Klein was born in New York City in 1926, and lived there until the age of 20, when he was sent to Europe by the US Army to help with reconstruction efforts following World War II. He obtained his first camera –which he won in a card game –during this trip, and eventually settled in Paris, where he studied painting and sculpture at the Sorbonne and worked in the studio of the renowned Modernist painter Fernand Léger.
It was in Europe that Klein began to seriously pursue his great love, photography, and he soon started transposing the abstract forms of his paintings and sculptural studies to shadowy, geometric photographs of objects in motion, as seen in compositions such as 1952’s “Moving Diamonds, Mural Project, Paris” or “Turning Black Egg.”
“The photography was a way out of the ABCs of abstract painting from that period in Paris,” Klein told Interview magazine in 2013. “I discovered that I could do whatever I wanted with a negative in a darkroom and an enlarger.”
Klein’s experimentation soon won him a fan back in his hometown: Alexander Lieberman, an art director at Vogue, who helped bring Klein’s kineticism to the glossy realm of high fashion.

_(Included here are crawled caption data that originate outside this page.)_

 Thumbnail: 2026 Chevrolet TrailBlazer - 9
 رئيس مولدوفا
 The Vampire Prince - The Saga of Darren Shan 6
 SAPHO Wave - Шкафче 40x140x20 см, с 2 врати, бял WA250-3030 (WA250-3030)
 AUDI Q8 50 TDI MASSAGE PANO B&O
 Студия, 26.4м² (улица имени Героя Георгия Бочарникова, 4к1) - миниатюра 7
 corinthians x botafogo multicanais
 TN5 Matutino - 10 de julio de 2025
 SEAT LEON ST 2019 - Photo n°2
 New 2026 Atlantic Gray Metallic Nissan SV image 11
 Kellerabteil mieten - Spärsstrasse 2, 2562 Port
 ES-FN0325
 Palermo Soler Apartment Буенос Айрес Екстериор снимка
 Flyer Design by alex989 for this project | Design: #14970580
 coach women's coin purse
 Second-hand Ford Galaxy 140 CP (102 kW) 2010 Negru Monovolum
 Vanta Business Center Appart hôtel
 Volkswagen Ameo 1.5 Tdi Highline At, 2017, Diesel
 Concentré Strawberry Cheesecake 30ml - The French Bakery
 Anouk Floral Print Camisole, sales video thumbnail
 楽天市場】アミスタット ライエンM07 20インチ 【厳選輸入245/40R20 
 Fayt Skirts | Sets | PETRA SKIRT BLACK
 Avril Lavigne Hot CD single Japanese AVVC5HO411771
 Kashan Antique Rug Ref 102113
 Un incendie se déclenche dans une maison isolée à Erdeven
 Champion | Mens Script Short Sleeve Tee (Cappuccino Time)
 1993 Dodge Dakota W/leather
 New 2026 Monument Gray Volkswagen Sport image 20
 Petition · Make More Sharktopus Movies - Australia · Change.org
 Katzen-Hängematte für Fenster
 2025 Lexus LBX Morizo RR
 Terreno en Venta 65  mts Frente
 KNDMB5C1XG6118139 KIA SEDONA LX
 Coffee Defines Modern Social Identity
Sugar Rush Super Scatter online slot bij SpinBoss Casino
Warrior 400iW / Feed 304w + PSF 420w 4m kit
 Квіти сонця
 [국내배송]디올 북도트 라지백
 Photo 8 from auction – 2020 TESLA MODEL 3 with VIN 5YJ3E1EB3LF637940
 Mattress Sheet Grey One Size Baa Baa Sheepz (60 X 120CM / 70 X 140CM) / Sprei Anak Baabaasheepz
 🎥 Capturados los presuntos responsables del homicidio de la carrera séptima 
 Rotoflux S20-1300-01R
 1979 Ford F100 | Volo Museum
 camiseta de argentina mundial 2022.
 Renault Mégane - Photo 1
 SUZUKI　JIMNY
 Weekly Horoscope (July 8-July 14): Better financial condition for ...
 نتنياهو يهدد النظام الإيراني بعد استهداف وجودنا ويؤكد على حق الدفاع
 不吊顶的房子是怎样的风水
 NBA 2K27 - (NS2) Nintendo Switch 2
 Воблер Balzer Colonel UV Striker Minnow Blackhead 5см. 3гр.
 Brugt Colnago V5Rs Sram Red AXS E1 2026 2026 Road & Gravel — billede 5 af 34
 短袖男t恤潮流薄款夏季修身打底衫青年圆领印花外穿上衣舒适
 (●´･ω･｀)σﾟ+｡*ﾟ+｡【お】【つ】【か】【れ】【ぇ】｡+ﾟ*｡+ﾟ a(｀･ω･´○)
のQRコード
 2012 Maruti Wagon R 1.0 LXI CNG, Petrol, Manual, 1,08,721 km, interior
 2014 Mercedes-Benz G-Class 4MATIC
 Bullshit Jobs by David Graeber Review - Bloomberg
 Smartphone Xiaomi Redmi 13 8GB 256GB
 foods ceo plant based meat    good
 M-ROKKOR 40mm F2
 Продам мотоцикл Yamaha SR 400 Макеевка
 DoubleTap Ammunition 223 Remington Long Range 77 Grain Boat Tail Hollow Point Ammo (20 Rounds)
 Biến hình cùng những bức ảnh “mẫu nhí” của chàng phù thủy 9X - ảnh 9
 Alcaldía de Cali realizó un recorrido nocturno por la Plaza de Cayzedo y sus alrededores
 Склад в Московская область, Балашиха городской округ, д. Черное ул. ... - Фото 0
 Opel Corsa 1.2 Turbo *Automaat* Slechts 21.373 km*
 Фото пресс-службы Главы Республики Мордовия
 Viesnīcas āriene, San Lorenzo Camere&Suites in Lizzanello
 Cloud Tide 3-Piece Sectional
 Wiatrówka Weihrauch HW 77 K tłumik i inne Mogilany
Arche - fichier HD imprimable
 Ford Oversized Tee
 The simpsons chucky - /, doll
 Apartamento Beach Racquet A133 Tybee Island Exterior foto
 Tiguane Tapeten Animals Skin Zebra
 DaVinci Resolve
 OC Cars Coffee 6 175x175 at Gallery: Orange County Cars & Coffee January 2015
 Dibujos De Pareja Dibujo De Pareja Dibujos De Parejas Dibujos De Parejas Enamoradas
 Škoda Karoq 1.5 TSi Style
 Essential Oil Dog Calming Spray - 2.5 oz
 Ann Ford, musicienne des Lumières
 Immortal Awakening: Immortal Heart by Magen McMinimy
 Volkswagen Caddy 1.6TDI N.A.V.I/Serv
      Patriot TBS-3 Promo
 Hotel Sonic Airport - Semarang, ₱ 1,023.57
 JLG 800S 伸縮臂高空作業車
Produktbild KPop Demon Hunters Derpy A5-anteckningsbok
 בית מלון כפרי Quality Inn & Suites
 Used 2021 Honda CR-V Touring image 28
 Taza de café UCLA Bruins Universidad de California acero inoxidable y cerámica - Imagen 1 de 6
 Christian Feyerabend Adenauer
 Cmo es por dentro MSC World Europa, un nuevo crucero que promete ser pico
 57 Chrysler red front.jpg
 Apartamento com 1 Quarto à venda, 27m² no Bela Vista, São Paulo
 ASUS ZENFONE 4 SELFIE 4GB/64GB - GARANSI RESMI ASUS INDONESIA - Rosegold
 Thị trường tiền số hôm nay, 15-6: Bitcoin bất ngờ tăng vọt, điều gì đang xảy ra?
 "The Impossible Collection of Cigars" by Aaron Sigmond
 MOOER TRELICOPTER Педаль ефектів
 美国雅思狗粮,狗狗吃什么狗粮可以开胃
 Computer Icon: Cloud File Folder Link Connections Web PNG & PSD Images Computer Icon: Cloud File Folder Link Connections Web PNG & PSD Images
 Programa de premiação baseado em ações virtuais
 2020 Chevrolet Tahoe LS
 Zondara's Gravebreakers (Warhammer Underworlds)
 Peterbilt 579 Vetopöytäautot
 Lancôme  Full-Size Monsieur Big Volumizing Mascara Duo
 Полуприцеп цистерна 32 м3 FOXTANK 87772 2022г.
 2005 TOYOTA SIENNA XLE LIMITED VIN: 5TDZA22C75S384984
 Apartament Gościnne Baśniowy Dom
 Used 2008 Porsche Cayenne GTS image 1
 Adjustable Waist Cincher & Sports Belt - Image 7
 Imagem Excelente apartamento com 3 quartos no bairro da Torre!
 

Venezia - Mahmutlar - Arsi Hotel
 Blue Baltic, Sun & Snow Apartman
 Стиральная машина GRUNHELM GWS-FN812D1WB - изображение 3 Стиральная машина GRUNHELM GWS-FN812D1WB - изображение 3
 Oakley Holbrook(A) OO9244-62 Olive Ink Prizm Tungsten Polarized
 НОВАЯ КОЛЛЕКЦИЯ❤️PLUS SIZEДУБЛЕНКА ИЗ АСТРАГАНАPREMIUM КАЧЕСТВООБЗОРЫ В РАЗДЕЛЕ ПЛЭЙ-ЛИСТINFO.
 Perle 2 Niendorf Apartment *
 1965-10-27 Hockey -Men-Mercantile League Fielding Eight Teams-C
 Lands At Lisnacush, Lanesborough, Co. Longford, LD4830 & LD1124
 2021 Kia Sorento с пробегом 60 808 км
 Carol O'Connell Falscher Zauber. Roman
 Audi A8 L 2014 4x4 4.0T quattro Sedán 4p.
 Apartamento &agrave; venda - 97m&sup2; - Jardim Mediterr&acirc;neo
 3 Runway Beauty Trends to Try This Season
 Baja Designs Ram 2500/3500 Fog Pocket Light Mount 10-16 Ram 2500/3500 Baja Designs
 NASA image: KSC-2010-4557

Klein found inspiration in the brash, busy chaos of the New York streets where he spent his youth, and would spend days wandering the city, taking photographs of strangers and talking with them about their lives, as immortalized in his iconic 1956 photobook “Life is Good & Good for You in New York: Trance Witness Revels.”
He soon began to shoot his editorials on the street, too, placing models amid crowds and taxicabs and photographing them in striking, quasi-surreal scenes of clutter and poise. In an age still dominated by the stylized studio shoots of photographers like Irving Penn and Richard Avedon, Klein’s decision to bring fashion photography down to the bustling friction of the street was considered revolutionary.
“The first thing that people photograph or digest in New York is Broadway and Times Square – it’s the most beautiful thing in New York, and in America,” Klein said of the film in an interview with Aperture. “But what is it, what are people actually seeing? They are seeing the spectacle of advertising; it’s buy this, buy that. It’s beautiful, but it’s made up of sales pitches, and people are fascinated and seduced by advertising.”
His desire to capture life as it really occurred would persist throughout his films as they grew to encompass subjects such as the Black Panther activist Eldridge Cleaver’s flight from America and the 1981 French Open tennis tournament.
Klein’s wide-ranging talents won him acclaim in the worlds of fashion, film and fine art, and he received numerous honors including the Medal of the Century from the Royal Photographic Society in London in 1999 and the International Center of Photography’s Infinity Award for Lifetime Achievement in 2007, as well as countless museum exhibitions and acquisitions. (A major exhibition of his a at the International Center of Photography that was scheduled to close on Monday has been extended until Thursday.)
Despite his accomplishments across so many media, Klein always returned to photography and remained an active photographer well into his later years.
“I have a special relationship with God,” Klein told Interview of his approach to his favored discipline. “And when I take the right photograph, God gives me a little bing! in the camera. And then I know I’m on the right track.”